■ DATASET SECTION
>>>>

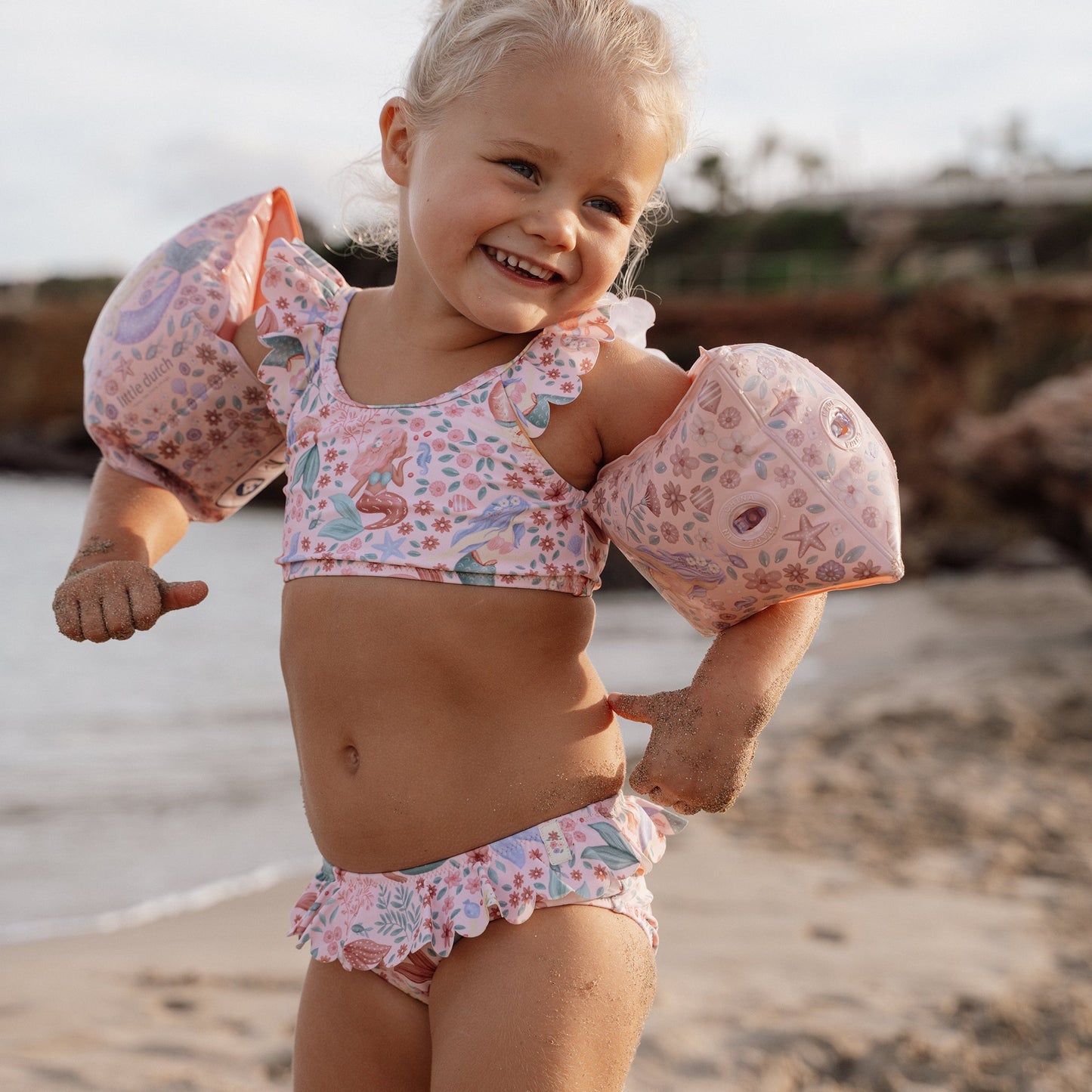 LITTLE DUTCH. Παιδικό σετ μπικίνι με βολάν Dreamy Mermaid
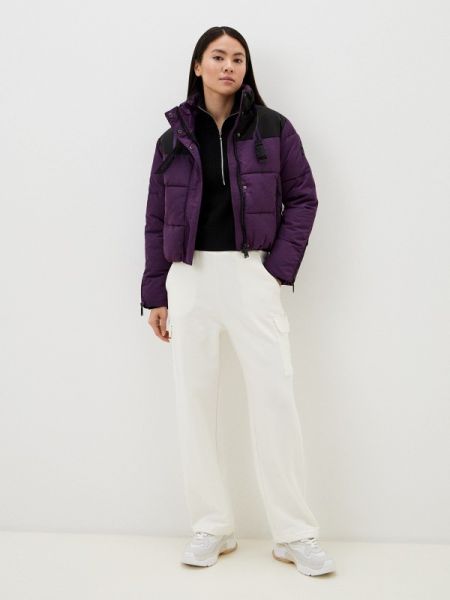 Утепленная демисезонная куртка Invicta фиолетовая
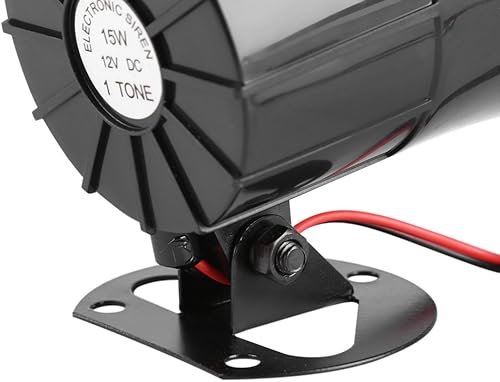 Miniatura 6 de TOPINCN Bocina de sonido de alarma con cable, alarma de emergencia clara de 110 dB con soporte para sistema de seguridad en el hogar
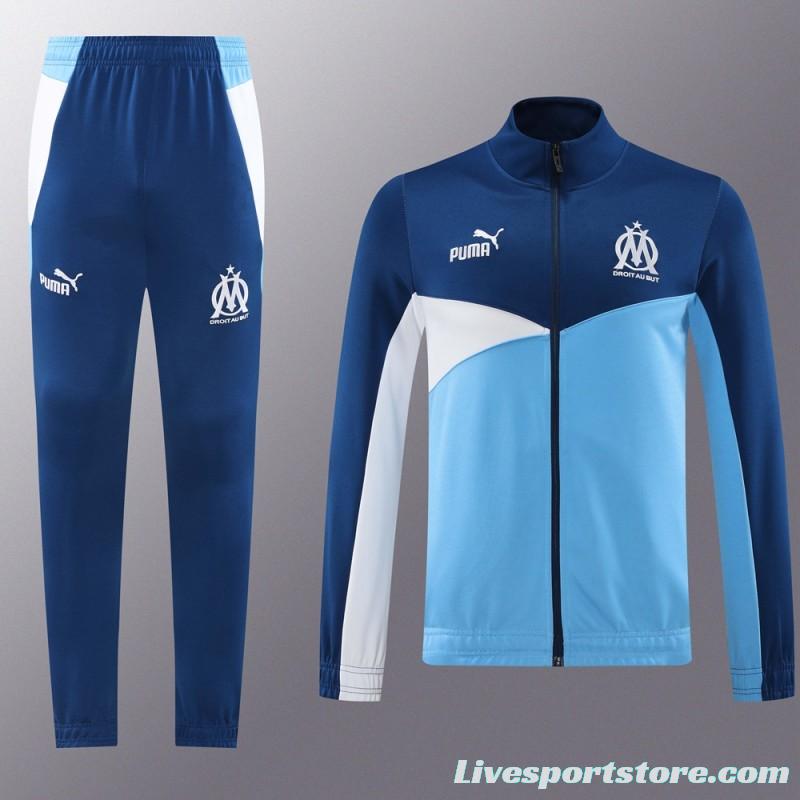 24/25 Olympique Marseille Full Zipper Jacket +Long Pants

<<<<

■ TASK DESCRIPTION
Whenever images occur above, omit them and retype each line exactly as it stands.

■ SOLUTION TO THIS EXERCISE
 LITTLE DUTCH. Παιδικό σετ μπικίνι με βολάν Dreamy Mermaid
 Утепленная демисезонная куртка Invicta фиолетовая
 Miniatura 6 de TOPINCN Bocina de sonido de alarma con cable, alarma de emergencia clara de 110 dB con soporte para sistema de seguridad en el hogar
 24/25 Olympique Marseille Full Zipper Jacket +Long Pants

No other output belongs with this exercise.